In the case of Ibrahim v R (1914) AC 599, it was held that no statement by an accused is admissible in evidence against him unless it is shown by the prosecution to have been a voluntary statement in the sense that it has not been obtained from him either by fear of prejudice or hope of advantage exercised or held out by a person in authority.
It is pertinent to mention at this stage that the overriding principle of voluntariness as mentioned in the Judges’ Rules is also ingrained in the case law of our jurisdiction.
In the case of Leon v The Republic 2 SCAR 188, it was held the onus is on the prosecution, in proving beyond reasonable doubt, that the statement of the accused was voluntary and therefore admissible.

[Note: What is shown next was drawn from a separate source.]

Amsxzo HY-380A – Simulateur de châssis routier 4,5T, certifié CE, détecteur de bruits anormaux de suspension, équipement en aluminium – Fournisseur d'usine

In the present case before this court, learned counsel contended that the statement recorded was in violation of the provisions contained in Rule I of the Judges’ Rule and was therefore not voluntary. The main contention of learned counsel for the accused in this regard was that Sgt Julienne had not satisfied himself by questioning the accused himself, that there was sufficient evidence against the accused and therefore the proper procedure as set out in the aforementioned Rule had not been followed as he had relied on what was told to him by his superior officers. Rule II states “As soon as a police officer has evidence which would afford reasonable grounds for suspecting that a person has committed an offence---------.” It is clear the evidence referred to hear is not limited to that obtained by questioning the suspect only and would include evidence gathered from his superior officers as well.
Further it should be noted at this stage that failure to observe the Judges’ Rules does not necessarily render a confession inadmissible. This principle was emphasized in the case of R v Stewart 1970 1 All E.R 689. Further it was held in R v Osbourne 1973 2 WLR 209, that even where statements have been made without caution or where the rules have been contravened in some way, it is a matter for the trial judge to exercise his own discretion as to whether the statement should be admitted or not after considering the evidence as a whole.
For the aforementioned reasons after considering the evidence led at the voire dire as a whole, this court is satisfied beyond reasonable doubt that, the statement has been voluntarily given by the 1st accused and is admissible.
The prosecution is therefore permitted to produce the statement of the 1st accused as an exhibit in the case.
Dated this 22nd day of September 2010.